** Opening Entries shown block **

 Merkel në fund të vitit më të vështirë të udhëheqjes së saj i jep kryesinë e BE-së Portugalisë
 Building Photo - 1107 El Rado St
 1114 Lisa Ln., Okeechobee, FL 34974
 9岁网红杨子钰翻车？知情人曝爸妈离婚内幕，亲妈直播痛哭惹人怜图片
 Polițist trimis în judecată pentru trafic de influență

** Closing Entries shown block **
** Opening Entries shown block **

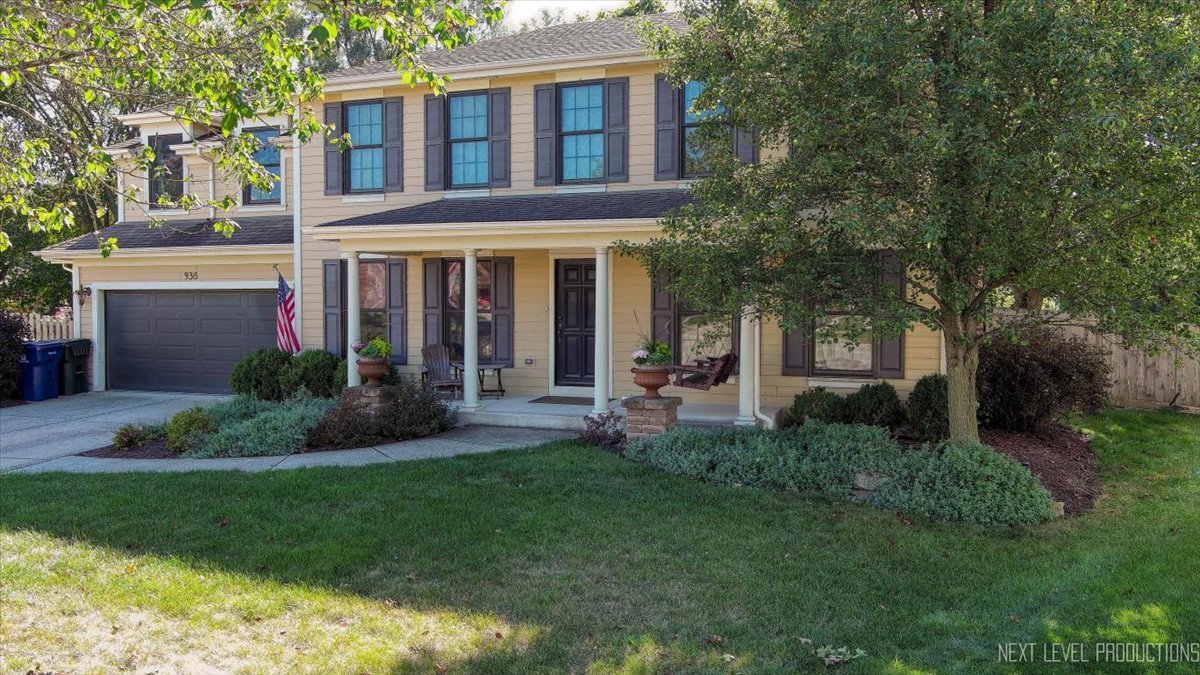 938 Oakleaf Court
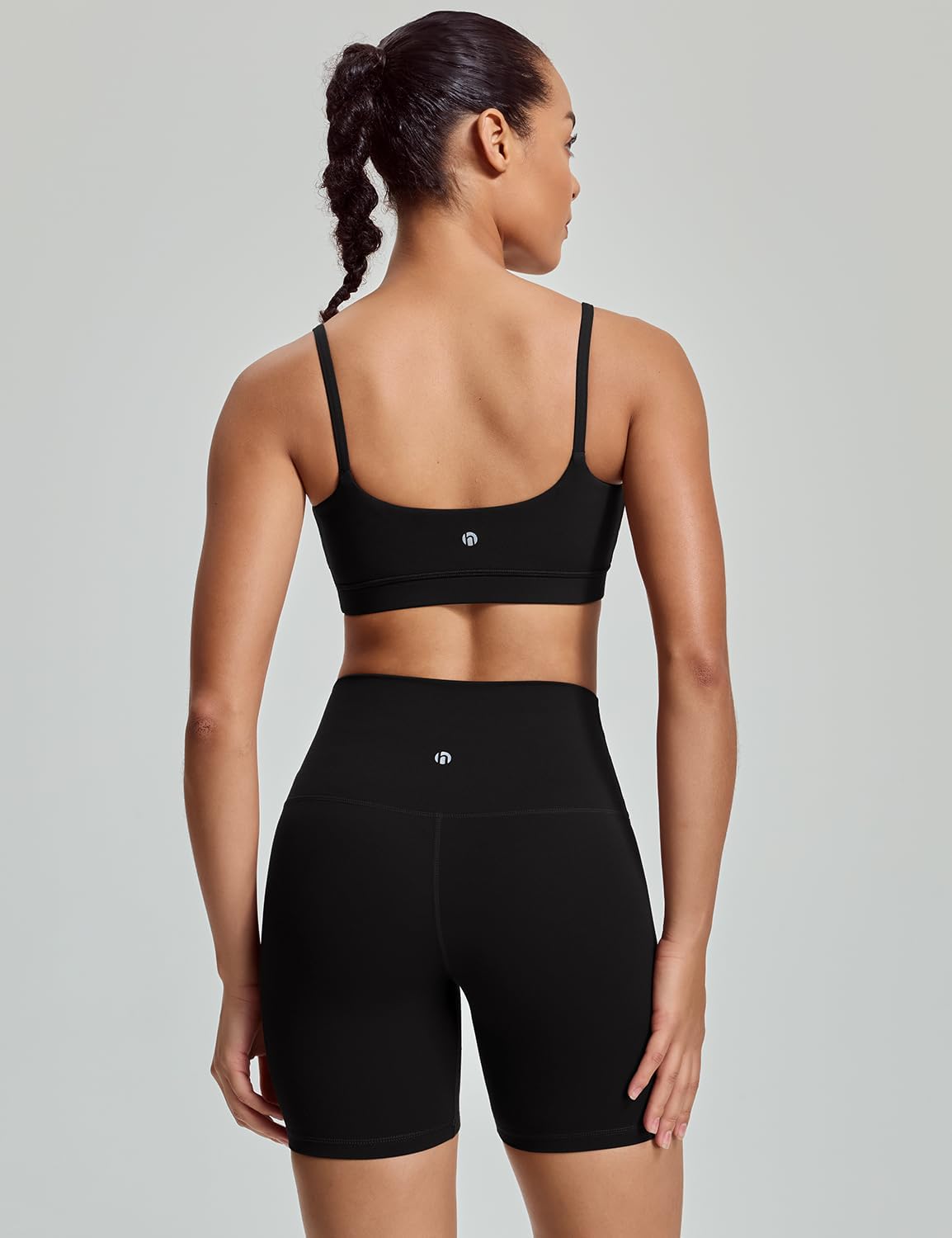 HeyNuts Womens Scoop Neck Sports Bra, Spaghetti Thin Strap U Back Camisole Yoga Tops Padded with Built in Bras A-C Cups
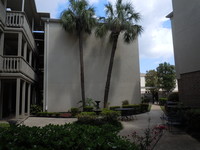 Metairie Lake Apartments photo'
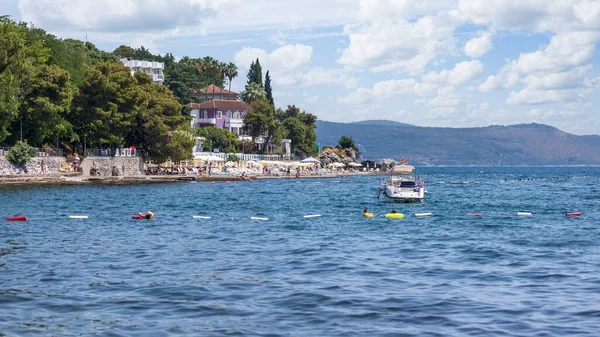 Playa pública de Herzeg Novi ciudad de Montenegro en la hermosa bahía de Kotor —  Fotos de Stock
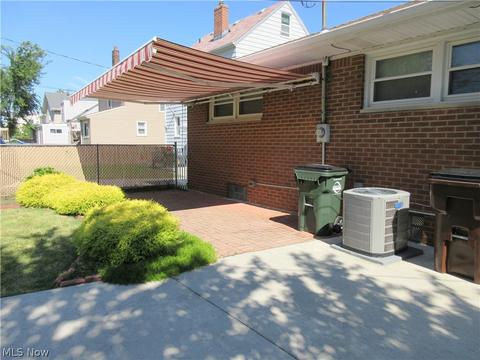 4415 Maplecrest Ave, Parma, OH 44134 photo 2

** Closing Entries shown block **
** Opening Entries shown block **

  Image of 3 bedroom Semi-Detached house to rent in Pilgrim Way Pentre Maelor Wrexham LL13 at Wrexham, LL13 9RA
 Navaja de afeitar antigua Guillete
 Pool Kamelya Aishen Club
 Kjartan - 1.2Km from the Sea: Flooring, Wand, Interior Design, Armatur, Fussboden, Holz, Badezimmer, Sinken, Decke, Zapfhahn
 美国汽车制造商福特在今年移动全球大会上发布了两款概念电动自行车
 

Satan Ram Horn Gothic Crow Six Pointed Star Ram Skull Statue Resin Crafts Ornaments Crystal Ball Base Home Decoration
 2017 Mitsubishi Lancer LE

** Closing Entries shown block **

## Exercise goal
In the data above, find the line with "Building Photo - 1107 El Rado St" and the line with "Polițist trimis în". Retype both, plus every line between them, exactly.

## Task output
 Building Photo - 1107 El Rado St
 1114 Lisa Ln., Okeechobee, FL 34974
 9岁网红杨子钰翻车？知情人曝爸妈离婚内幕，亲妈直播痛哭惹人怜图片
 Polițist trimis în judecată pentru trafic de influență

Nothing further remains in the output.